* [WORK ORDER]: From the first line to the last, retype the records exactly without their images.

↓↓↓

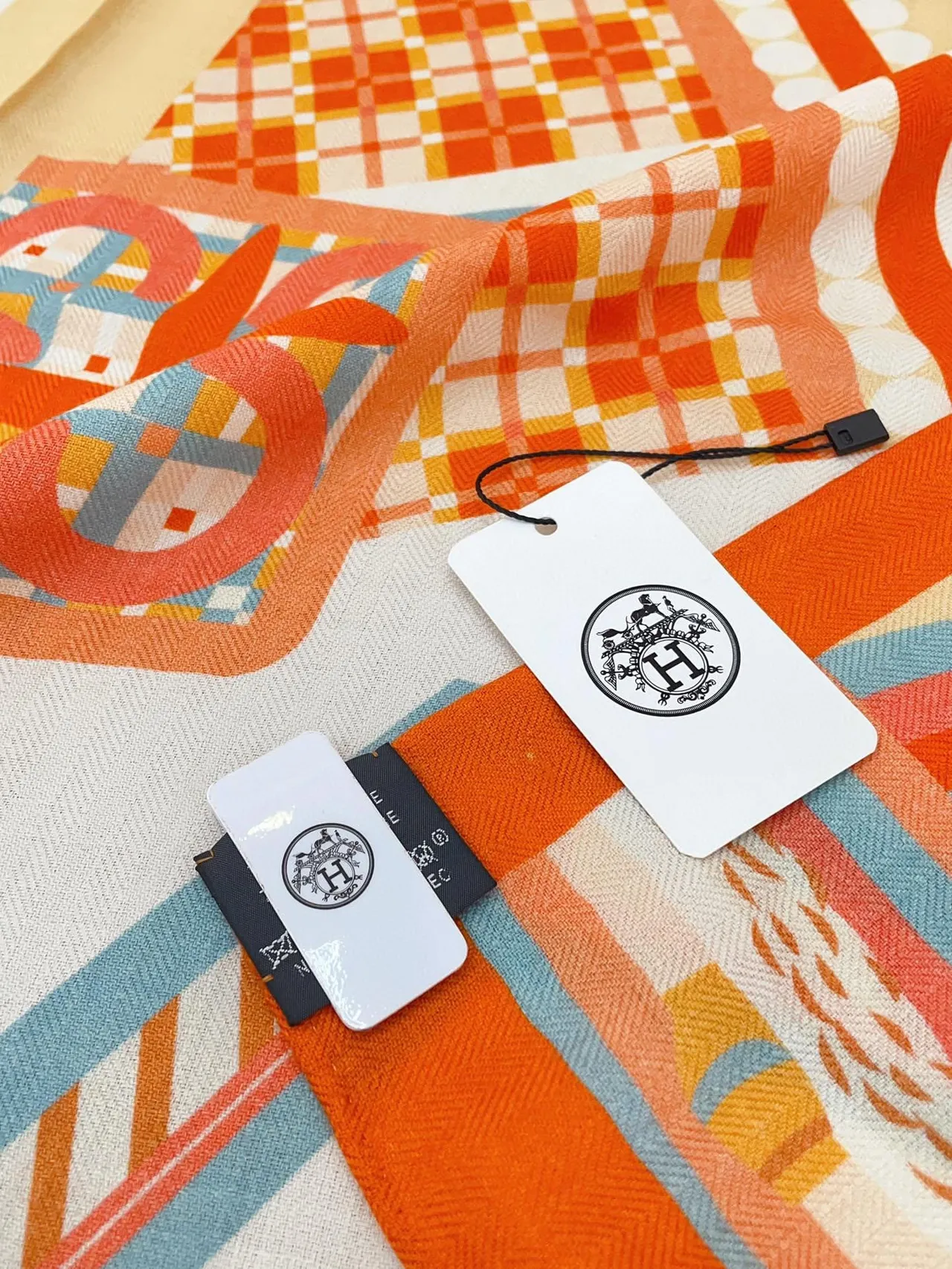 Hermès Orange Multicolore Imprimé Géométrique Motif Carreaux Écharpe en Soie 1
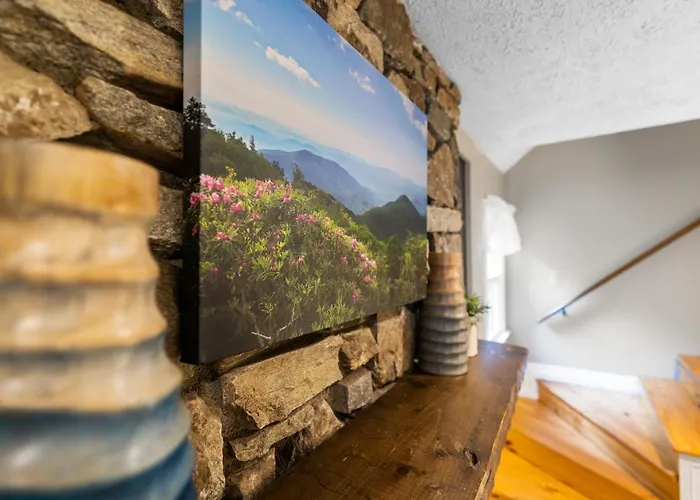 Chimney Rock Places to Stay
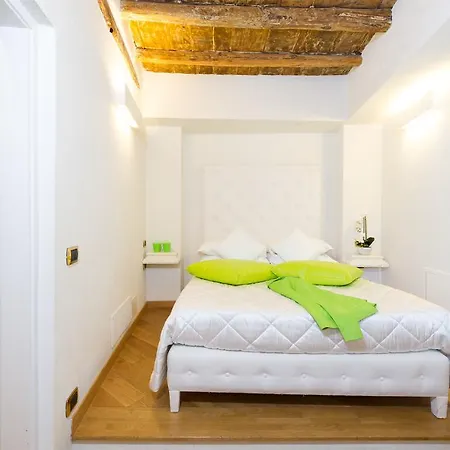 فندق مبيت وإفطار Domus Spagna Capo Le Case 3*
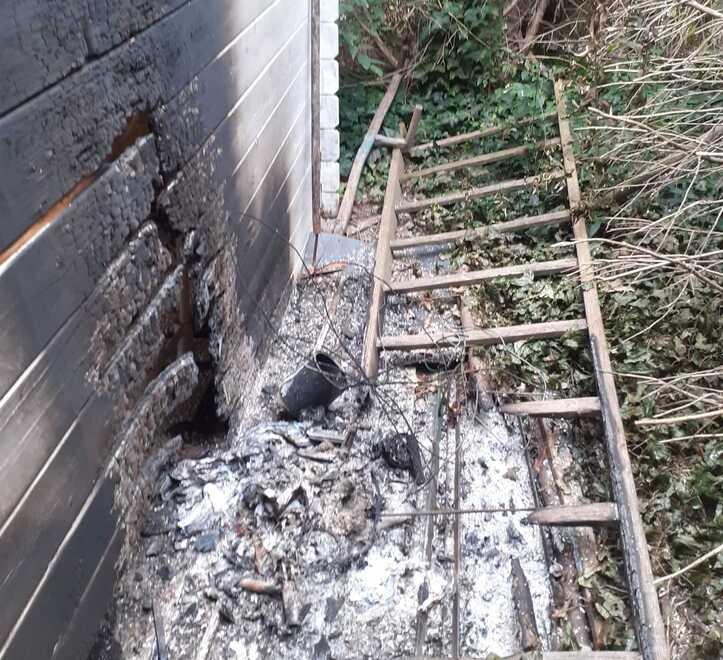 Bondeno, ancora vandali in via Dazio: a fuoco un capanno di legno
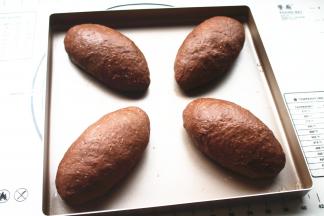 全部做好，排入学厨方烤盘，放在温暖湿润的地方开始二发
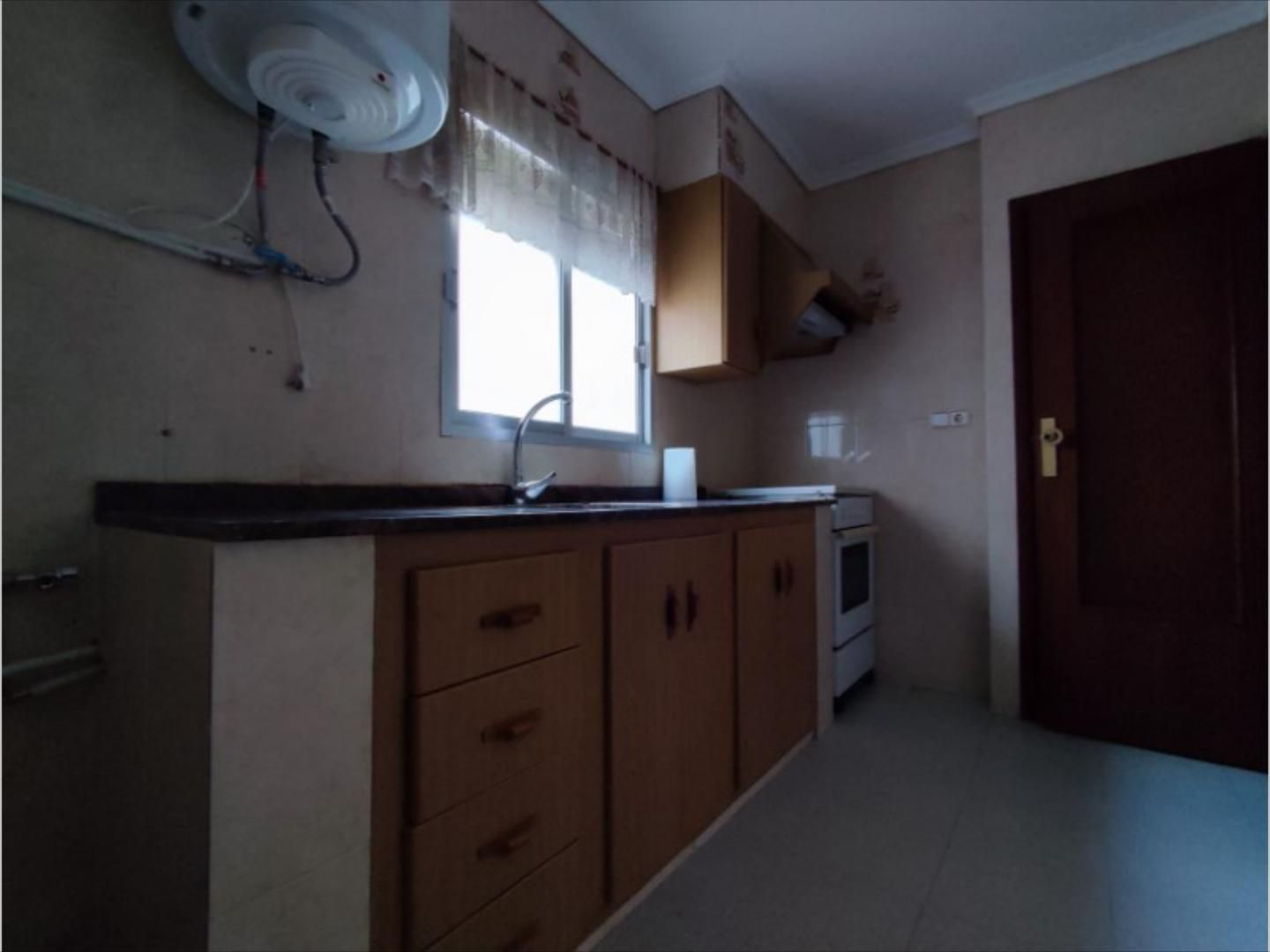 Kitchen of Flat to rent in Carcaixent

↑↑↑

* [TASK OUTPUT]:
 Hermès Orange Multicolore Imprimé Géométrique Motif Carreaux Écharpe en Soie 1
 Chimney Rock Places to Stay
 فندق مبيت وإفطار Domus Spagna Capo Le Case 3*
 Bondeno, ancora vandali in via Dazio: a fuoco un capanno di legno
 全部做好，排入学厨方烤盘，放在温暖湿润的地方开始二发
 Kitchen of Flat to rent in Carcaixent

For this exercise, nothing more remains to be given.